Effortless Mindfulness by Lisa Dale Miller

Effortless Mindfulness by Lisa Dale Miller

Author:Lisa Dale Miller [Lisa Dale Miller]
Language: eng
Format: epub
ISBN: 9781136193088
Publisher: Routledge


Compassion: Responsiveness to Human Suffering (P & S: karunā T: snying rje)

Compassion is the very essence of all the Dharmas. (Lama Shabkar quoted in Ricard, 2013)

Most religions and philosophies consider compassion—often equated with empathy or sympathy—necessary for human survival and co-existence. Research literature describes compassion as a prosocial emotion that is (1) a mix of love and sadness or (2) a feeling that arises when witnessing another’s suffering, sometimes linked with a motivation to help.22 Charles Darwin conjectured that compassion (he used ‘sympathy’) evolved to motivate humans to note, care for and reduce harm and suffering in their vulnerable offspring. We are not alone. Similar caregiving impulses and behaviors have been observed in dolphins and primates.23 The development of human compassion has also been attributed to sexual selection or a need for successful non-kin transactions.24

Social research shows that feelings of compassion are elicited in self-relevant or self-distinctive contexts.

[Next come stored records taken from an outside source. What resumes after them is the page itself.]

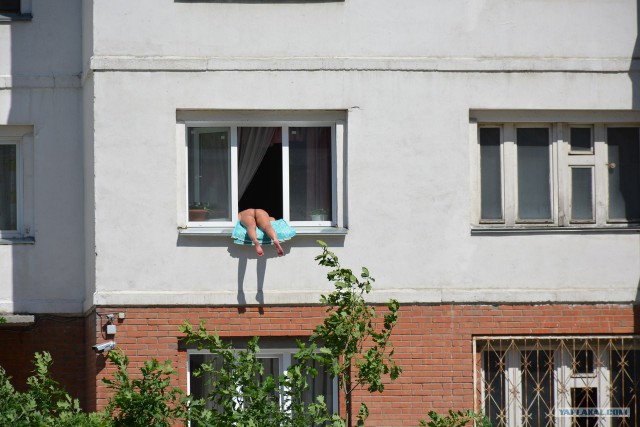 Девушки бывают разные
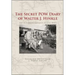 The Secret POW Diary of Walter J. Hinkle: Life in Japanese Captivity During WWII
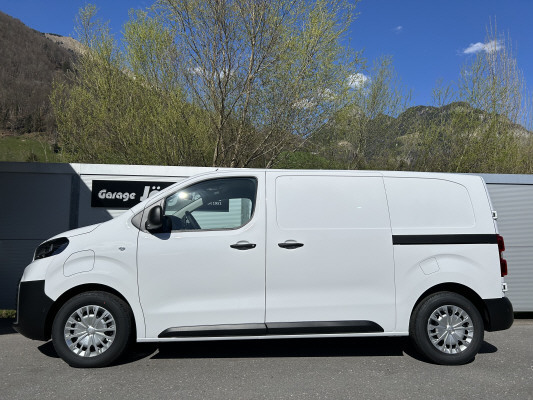 TOYOTA Proace EV 75kWh M Advan.-image-2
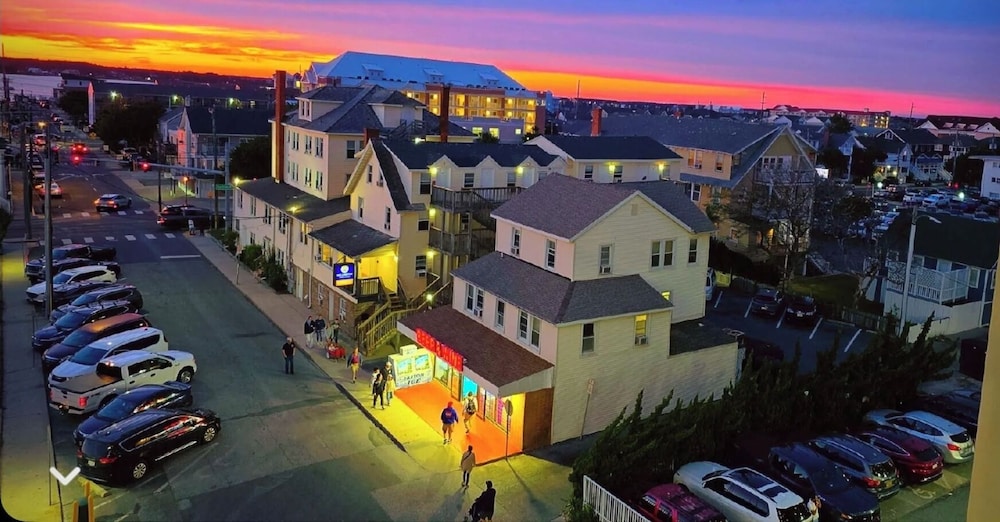 The Wellington Hotel & Suites Oceanblock - featured photo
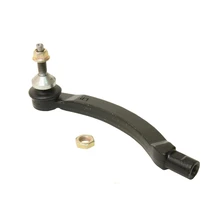 ÜRO Parts 274496 Steering Tie Rod End, Left Outer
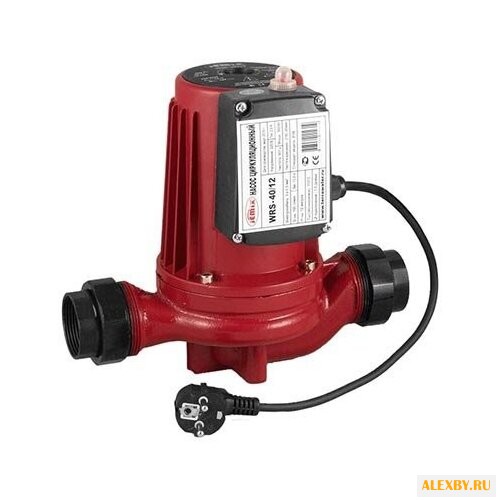 Насос JEMIX WRS 40 12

Perceived self-similarity and relational closeness foster feelings of equality, directly impacting levels of felt compassion and active cooperation.25 It seems humans are primed to seek mitigation of suffering for those whose well-being we depend on or whose suffering is dissimilar from our own.26 Deservingness also plays an important role in deciding who is worthy of compassion.27 Those who are at fault or cause their own suffering receive less compassionate concern and pity or provoke anger instead.28

Self-report studies show that respondents link feelings of compassion with a motivation to end suffering and do distinguish these feelings from sadness or distress. Several studies were conducted where participants received an appeal for help and were then offered an easy escape. Those with higher levels of self-reported compassion helped more, while those with greater self-reported distress were less helpful.29 So although empathic distress can occur alongside feelings of compassion, it clearly impedes compassionate action.

Until recent years, compassion research was primarily conducted on individuals with no access to contemplative compassion training and as such accurately reflected normative, conditional state (momentary feelings) and trait (tendencies toward) compassion. In the presence of unbearable suffering, who among us might not succumb to helplessness and empathic distress? Buddhist psychology views this conditionality—referred to as referential compassion—as a deficit in mental training rather than an insoluble insufficiency of the human mind-heart.